EUR/USD
Good data on the US came out on Friday, which put pressure on most currencies, but the euro ended the day higher after a bit of confusion. Personal incomes of consumers increased by 0.6% in January, expenses increased by 0.2%, business activity in the manufacturing sector of the Chicago region in February amounted to 49.0 points against 42.9 a month earlier.

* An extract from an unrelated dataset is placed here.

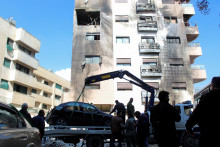 Poškodená obytná budova po tom, čo ju podľa správ sýrskych štátnych médií zasiahlo niekoľko izraelských rakiet vo štvrti Kfar Súsa v sýrskom meste Damask. FOTO: Reuters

Also, the commodity trade balance improved from -68.7 billion to -65.5 billion in January. Today the final PMI estimates for February will come out in the eurozone (expectations unchanged), while the US ISM Manufacturing PMI is projected to decrease from 50.9 to 50.5, which may extend the euro’s growth amid expectations of a Fed rate cut on the 18th. Markets lay a 94.9% probability of a rate cut immediately by 0.50% to 1.25% and another decrease by 0.25% at a meeting on April 29th.
Looking ahead, we note that lowering rates will have a short-term effect on the dollar, the development of the crisis will nevertheless return market sentiment to the purchase of safe haven currency, as it was during the 2008 crisis.
On the daily chart, the price went above both indicator lines – above the red balance line, which shifts the price balance towards growth, and above the MACD line, which indicates a medium-term direction to growth. The immediate goal is the correction level of 76.4% at the price of 1.1130, overcoming the level opens the second goal of 1.1175 – a strong record level (a high on January 16, December 17, etc.).
The daily Marlin oscillator is close to the overbought zone, it has significantly pulled down the growth rate. We are waiting for the euro’s next reaction. Labor indicators on Friday will become very important for understanding the Fed’s intentions on the rate – good data are unlikely to push the central bank to double the rate cut, and one decrease by 0.25% is already actively included in the price.
The situation is completely upward on the four-hour chart, only the Marlin oscillator forms a kind of consolidation in front of the overbought zone, and a small divergence, which indicates an imminent slowdown in price growth with the likelihood of converting into a short-lived horizontal trend (1-2 days).